Inflation causes rapidly rising costs, thereby increasing the cost of living.
To lower inflation, the Central Bank reduces the money supply in an economy by decreasing the amount of money circulating within it. This is done by two methods.
- Either bonds are made more investible by raising bond interest rates.
- Or, by increasing the interest rates at which the Central Banks lend to other commercial banks. This increases your loan repayments, leaving you with a smaller amount of money to spend.
Deflation, Recession, or Stagnation
Deflation or recession is characterized by a shrinking of economic activity due to low demand.
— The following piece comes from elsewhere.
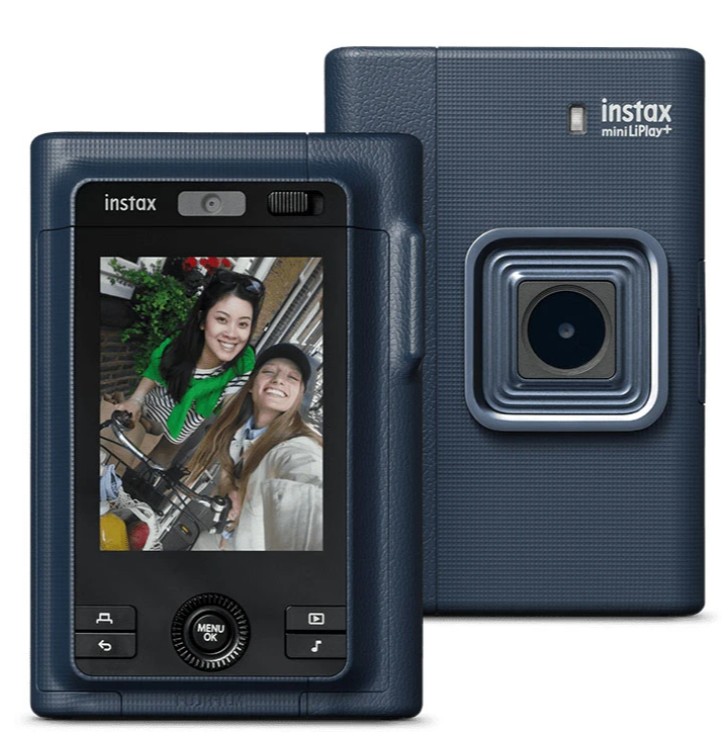Dwie kobiety na rowerze, niebieski aparat Instax Mini LiPlay+ z wyświetlaczem.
This low demand is either caused by the lack of money in the hands of the public or due to an expectation of an uncertain future.
In such situations, central banks decrease interest rates to make it easier for people to obtain loans. More loans drive business growth (business loans) and consumption (consumer loans), bringing demand back on track.
Special Case: Stagflation
Stagflation, which stands for stagnation + inflation, is a unique scenario where there has been high inflation in the economy (due to high prices), and this inflation has been exacerbated by a recession.
Such scenarios are difficult to deal with from the government’s perspective. If interest rates are raised to address the recession, it will result in galloping or spiralling inflation. If they are cut to address the inflation, it will make the recession worse.
Most economies go with the first step, i.e., print more money to address the recession. When the recession has been addressed, they then suck the excess money (also called Liquidity) from the economy either via Open Market Operations, convert Short Term Govt Bonds into Long Term Bonds, or re-value the currency.
An example of this was seen in Indonesia during the late 1990s, when after printing too much currency (causing inflation), the government had to re-peg it to a lower rate.